[Start of section]
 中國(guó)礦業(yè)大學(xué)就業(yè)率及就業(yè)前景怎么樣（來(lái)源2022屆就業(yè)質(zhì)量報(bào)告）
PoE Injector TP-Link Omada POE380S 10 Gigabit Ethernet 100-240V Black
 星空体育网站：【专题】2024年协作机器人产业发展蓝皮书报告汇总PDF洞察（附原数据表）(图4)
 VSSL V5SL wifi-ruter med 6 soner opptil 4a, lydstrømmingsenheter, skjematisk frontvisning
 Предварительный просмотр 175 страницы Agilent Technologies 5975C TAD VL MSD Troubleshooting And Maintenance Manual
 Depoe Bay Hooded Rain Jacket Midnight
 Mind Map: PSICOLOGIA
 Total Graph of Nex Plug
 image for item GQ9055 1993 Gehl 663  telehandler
[End of section]
[Start of section]
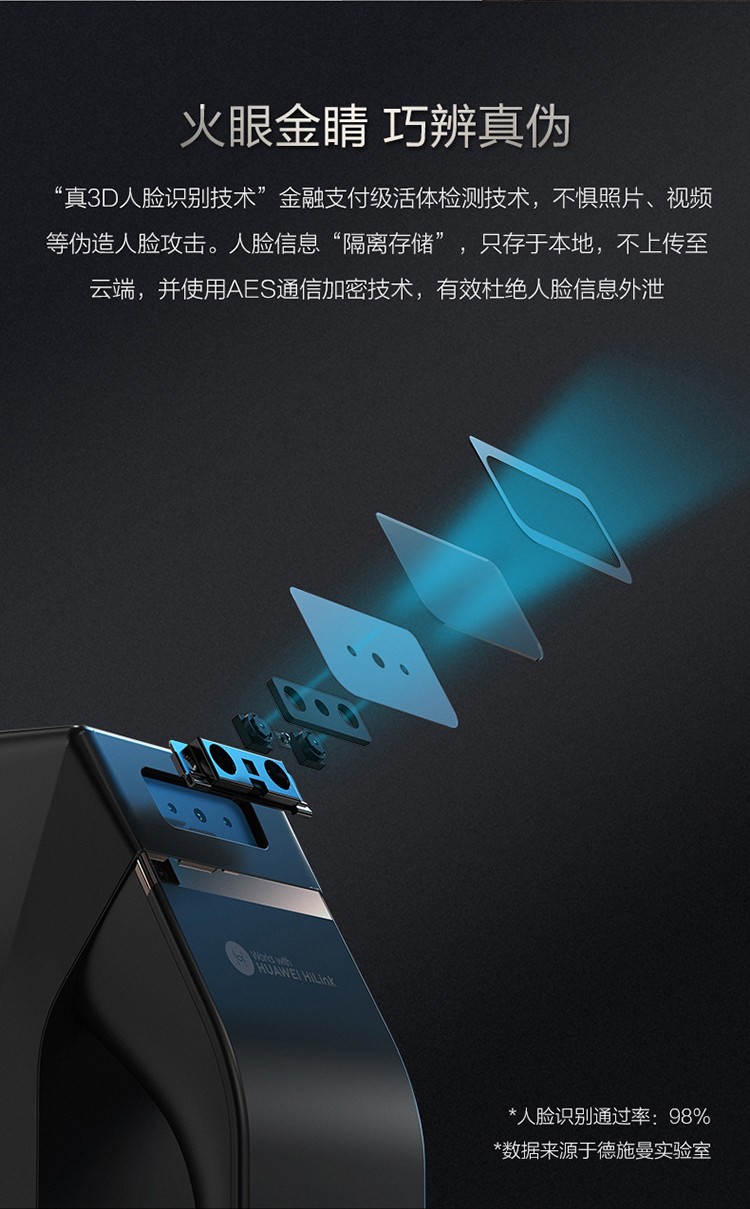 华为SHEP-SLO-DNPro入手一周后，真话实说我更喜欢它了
[End of section]
[Start of section]
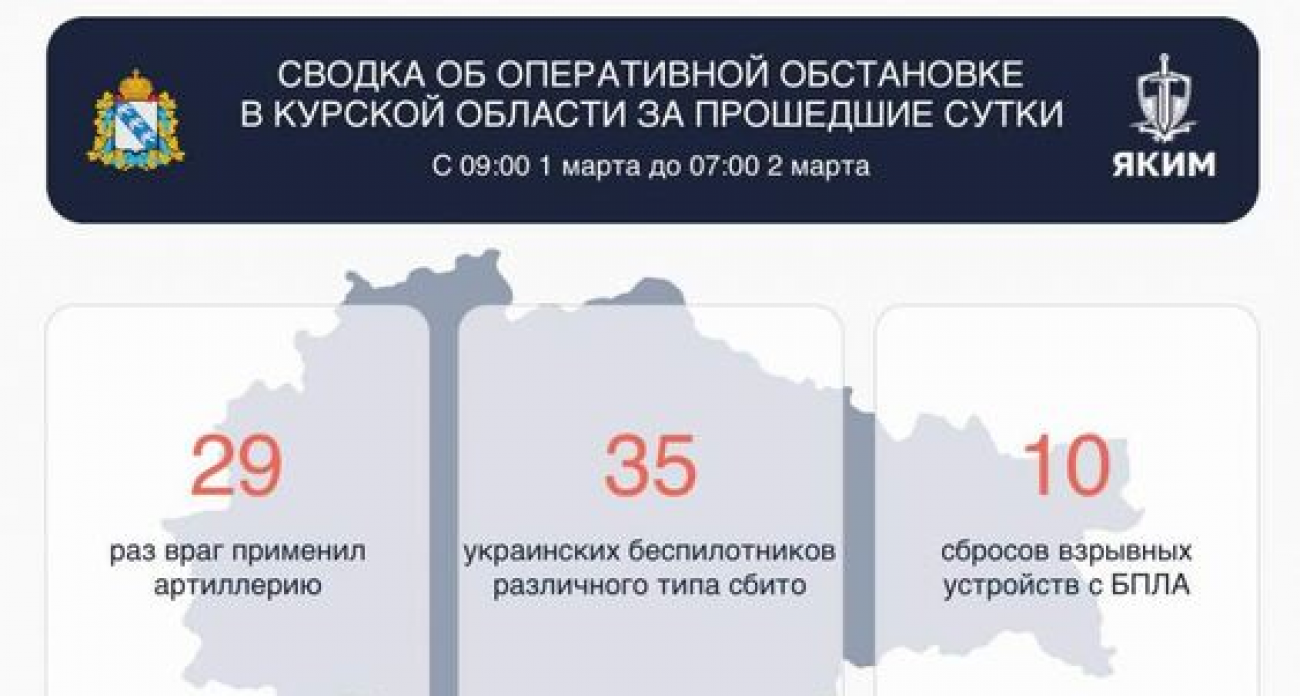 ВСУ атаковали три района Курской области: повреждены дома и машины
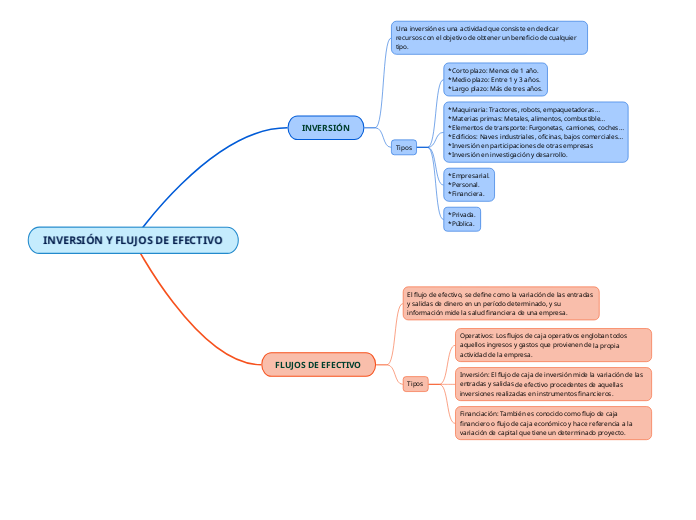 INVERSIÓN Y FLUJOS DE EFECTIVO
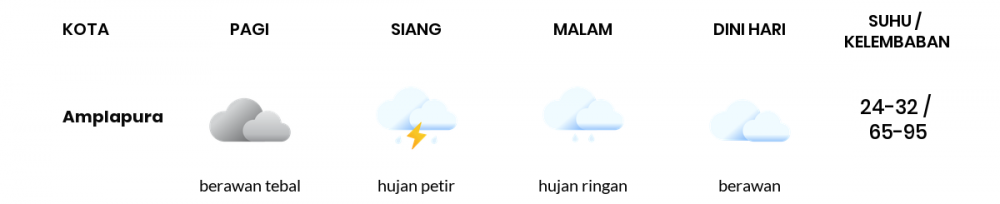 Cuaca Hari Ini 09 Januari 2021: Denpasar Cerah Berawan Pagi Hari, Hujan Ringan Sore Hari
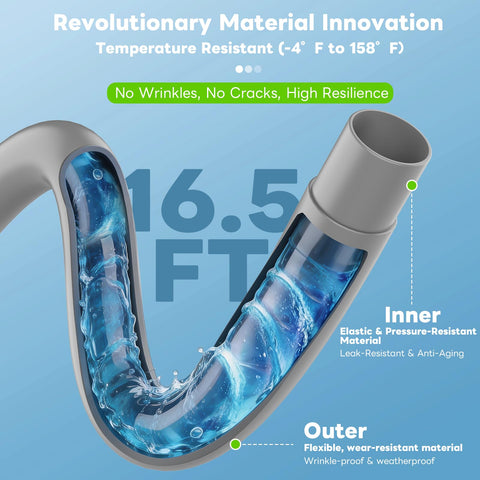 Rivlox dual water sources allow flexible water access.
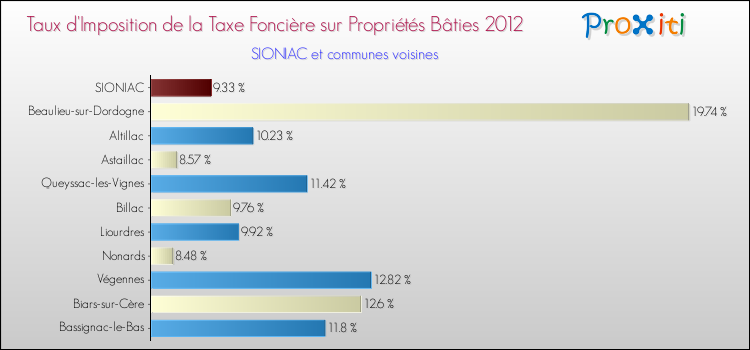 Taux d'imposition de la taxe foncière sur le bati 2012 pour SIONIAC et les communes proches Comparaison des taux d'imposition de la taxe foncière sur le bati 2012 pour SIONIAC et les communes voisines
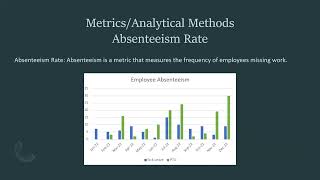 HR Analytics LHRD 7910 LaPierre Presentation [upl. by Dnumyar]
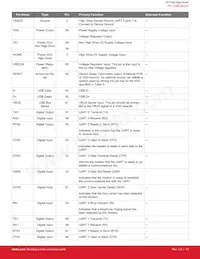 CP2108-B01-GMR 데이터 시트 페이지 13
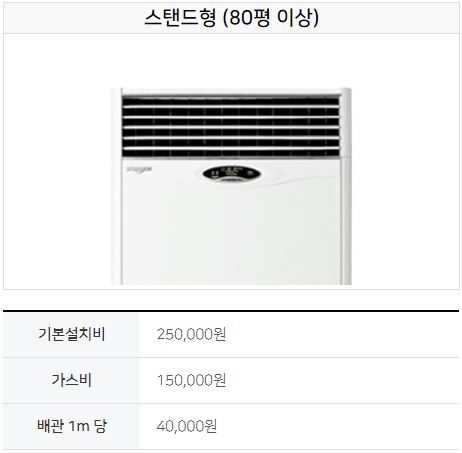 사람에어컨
[End of section]
_Task details_.
In the listing above, find the line with "Предварительный просмотр 175" and the line with "image for item", then print exactly those two lines and every line between them, and nothing more.

_Finished task_.
 Предварительный просмотр 175 страницы Agilent Technologies 5975C TAD VL MSD Troubleshooting And Maintenance Manual
 Depoe Bay Hooded Rain Jacket Midnight
 Mind Map: PSICOLOGIA
 Total Graph of Nex Plug
 image for item GQ9055 1993 Gehl 663  telehandler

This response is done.